[Records from a collection]
········
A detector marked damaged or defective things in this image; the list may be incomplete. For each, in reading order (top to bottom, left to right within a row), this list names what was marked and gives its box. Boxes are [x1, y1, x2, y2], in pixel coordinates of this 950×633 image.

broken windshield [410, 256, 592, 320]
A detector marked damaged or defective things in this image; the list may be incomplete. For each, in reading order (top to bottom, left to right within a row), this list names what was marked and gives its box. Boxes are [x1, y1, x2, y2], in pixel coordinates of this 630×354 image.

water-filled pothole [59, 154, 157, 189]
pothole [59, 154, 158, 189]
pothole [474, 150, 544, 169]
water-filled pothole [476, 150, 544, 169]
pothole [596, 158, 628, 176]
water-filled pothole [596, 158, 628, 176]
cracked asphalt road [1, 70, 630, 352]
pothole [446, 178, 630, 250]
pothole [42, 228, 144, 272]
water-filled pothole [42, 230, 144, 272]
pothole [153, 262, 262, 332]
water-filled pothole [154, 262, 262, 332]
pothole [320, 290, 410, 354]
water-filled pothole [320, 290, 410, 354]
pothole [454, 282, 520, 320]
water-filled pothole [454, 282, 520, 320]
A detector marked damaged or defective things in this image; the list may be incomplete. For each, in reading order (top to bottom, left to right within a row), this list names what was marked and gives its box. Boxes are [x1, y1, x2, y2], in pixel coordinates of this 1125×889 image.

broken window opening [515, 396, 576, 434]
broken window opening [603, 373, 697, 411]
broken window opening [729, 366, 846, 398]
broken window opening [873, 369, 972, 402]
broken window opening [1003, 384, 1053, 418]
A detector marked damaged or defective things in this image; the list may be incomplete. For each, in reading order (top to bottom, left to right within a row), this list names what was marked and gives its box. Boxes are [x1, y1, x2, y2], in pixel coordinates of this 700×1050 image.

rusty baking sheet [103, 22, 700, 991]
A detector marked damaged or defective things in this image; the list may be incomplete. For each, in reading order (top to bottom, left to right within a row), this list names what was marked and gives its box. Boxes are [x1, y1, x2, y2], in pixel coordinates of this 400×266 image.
········
(What you need to do):
Return precisely the lines of the records, starting with the line that holds "this 700×1050 image." and ending with the last one.

(Solution for this exercise):
A detector marked damaged or defective things in this image; the list may be incomplete. For each, in reading order (top to bottom, left to right within a row), this list names what was marked and gives its box. Boxes are [x1, y1, x2, y2], in pixel coordinates of this 700×1050 image.

rusty baking sheet [103, 22, 700, 991]
A detector marked damaged or defective things in this image; the list may be incomplete. For each, in reading order (top to bottom, left to right within a row), this list names what was marked and gives its box. Boxes are [x1, y1, x2, y2], in pixel coordinates of this 400×266 image.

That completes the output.